→ **TASK BRIEF**
Each line from the one containing "Historisch zugelassen: Mercedes" to the last line of the listing below must be reproduced exactly, and nothing more.
DATA TO USE Block Start
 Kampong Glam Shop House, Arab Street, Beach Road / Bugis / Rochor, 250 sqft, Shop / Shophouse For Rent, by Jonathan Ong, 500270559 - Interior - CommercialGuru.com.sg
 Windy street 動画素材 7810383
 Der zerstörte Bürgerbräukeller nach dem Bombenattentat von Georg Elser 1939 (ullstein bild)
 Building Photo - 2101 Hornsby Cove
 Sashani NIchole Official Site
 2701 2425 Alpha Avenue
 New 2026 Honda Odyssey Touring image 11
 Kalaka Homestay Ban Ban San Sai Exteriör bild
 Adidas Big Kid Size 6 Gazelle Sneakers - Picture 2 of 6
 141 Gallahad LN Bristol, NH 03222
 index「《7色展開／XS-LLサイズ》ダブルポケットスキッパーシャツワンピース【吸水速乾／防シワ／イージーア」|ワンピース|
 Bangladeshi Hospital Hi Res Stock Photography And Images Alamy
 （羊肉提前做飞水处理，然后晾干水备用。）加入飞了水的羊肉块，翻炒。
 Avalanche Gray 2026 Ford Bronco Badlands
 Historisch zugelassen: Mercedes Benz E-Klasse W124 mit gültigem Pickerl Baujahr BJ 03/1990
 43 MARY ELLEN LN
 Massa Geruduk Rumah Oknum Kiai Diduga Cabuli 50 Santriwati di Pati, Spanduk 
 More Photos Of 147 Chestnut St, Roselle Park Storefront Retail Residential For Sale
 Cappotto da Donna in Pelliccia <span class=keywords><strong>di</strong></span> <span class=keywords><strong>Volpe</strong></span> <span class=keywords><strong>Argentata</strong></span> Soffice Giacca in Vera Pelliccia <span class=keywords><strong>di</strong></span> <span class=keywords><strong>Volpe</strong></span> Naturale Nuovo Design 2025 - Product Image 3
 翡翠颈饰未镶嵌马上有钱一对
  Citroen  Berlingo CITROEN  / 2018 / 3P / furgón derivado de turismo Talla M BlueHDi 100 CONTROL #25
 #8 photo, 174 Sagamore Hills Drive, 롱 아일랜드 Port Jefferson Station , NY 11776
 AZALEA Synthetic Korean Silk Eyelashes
DATA TO USE Block End
→ **REPLY TO THE TASK**
 Historisch zugelassen: Mercedes Benz E-Klasse W124 mit gültigem Pickerl Baujahr BJ 03/1990
 43 MARY ELLEN LN
 Massa Geruduk Rumah Oknum Kiai Diduga Cabuli 50 Santriwati di Pati, Spanduk 
 More Photos Of 147 Chestnut St, Roselle Park Storefront Retail Residential For Sale
 Cappotto da Donna in Pelliccia <span class=keywords><strong>di</strong></span> <span class=keywords><strong>Volpe</strong></span> <span class=keywords><strong>Argentata</strong></span> Soffice Giacca in Vera Pelliccia <span class=keywords><strong>di</strong></span> <span class=keywords><strong>Volpe</strong></span> Naturale Nuovo Design 2025 - Product Image 3
 翡翠颈饰未镶嵌马上有钱一对
  Citroen  Berlingo CITROEN  / 2018 / 3P / furgón derivado de turismo Talla M BlueHDi 100 CONTROL #25
 #8 photo, 174 Sagamore Hills Drive, 롱 아일랜드 Port Jefferson Station , NY 11776
 AZALEA Synthetic Korean Silk Eyelashes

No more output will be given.